When using KV Caching, cppDL achieves over 110 tok/s compared to PyTorch's 60 tok/s on the CPU.

This advantage does not come from faster matrix multiplication. PyTorch uses highly optimized BLAS backends that exceed my implementation in raw GEMM throughput. The gains come from system-level optimizations: static memory arenas eliminating allocation overhead, cache-friendly data layouts reducing memory traffic, and a simplified execution path avoiding dispatch overhead. This highlighted an important insight: end-to-end performance depends on the entire system, and there is significant room for compilerdriven optimization at the graph level.

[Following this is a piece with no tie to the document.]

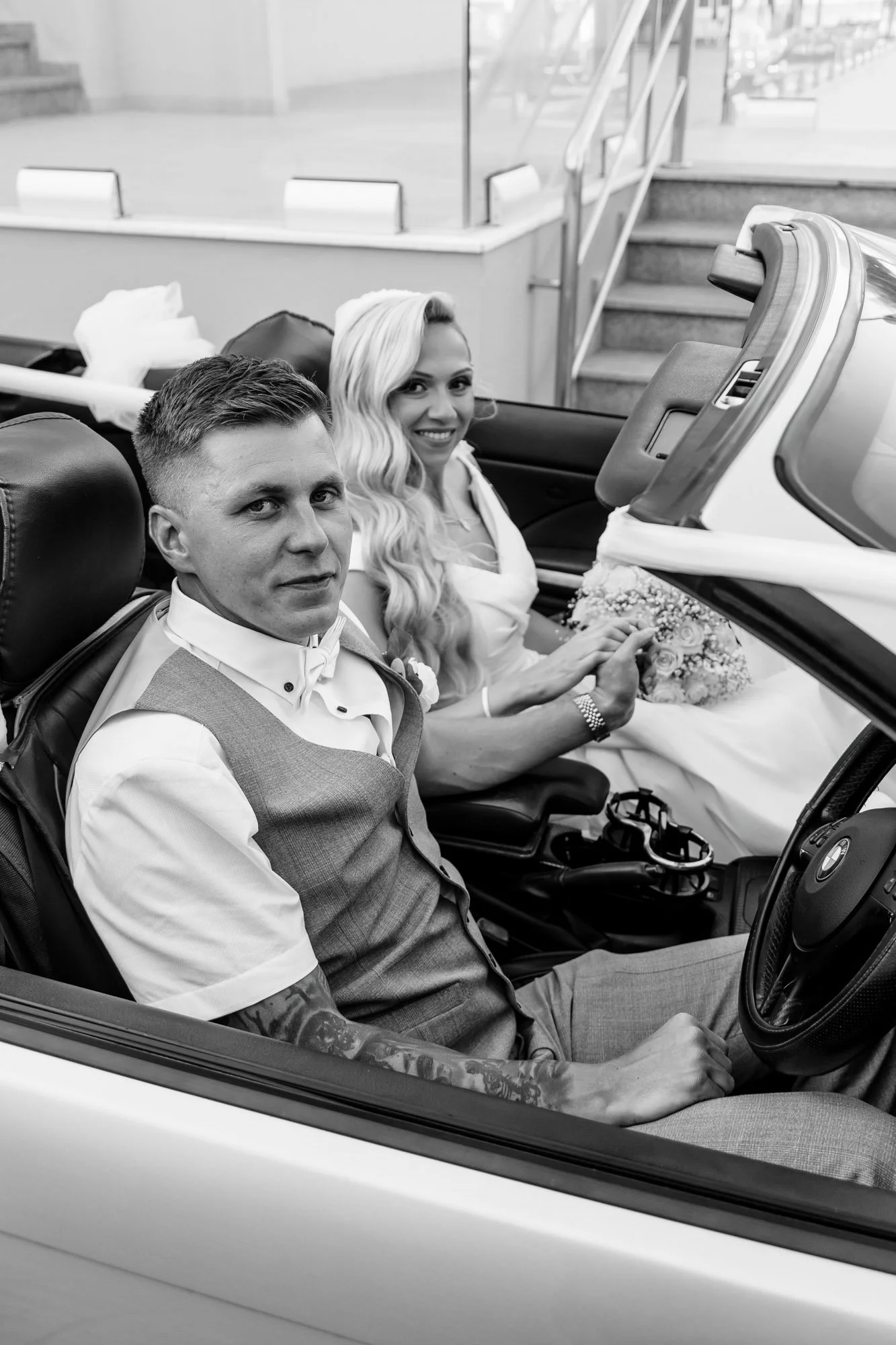 A black and white photo of a bride and groom sitting in a convertible car, with the bride holding a bouquet and smiling, while the groom looks towards the camera.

The backend for cppDL is CRUSHBLAS, a custom linear algebra library using AVX2 and AVX-512 intrinsics. I implemented GEMM kernels with register blocking, loop tiling, and cache-aware memory access patterns. Benchmarked across large matrix sizes (4096, 8192, and 16384), my kernels achieve a sustained throughput of approximately 825 GFLOP/s with OpenMP parallelization. I am currently extending this work to GPUs, writing custom drivers for direct kernel dispatch to understand the execution model below the CUDA/ROCm abstraction layer. Building these systems has taught me the micro-architectural details compilers must reason about: port contention, latency hiding, cache utilization, and prefetching behavior. I see this manual optimization experience as preparation for researching how to automate such decisions.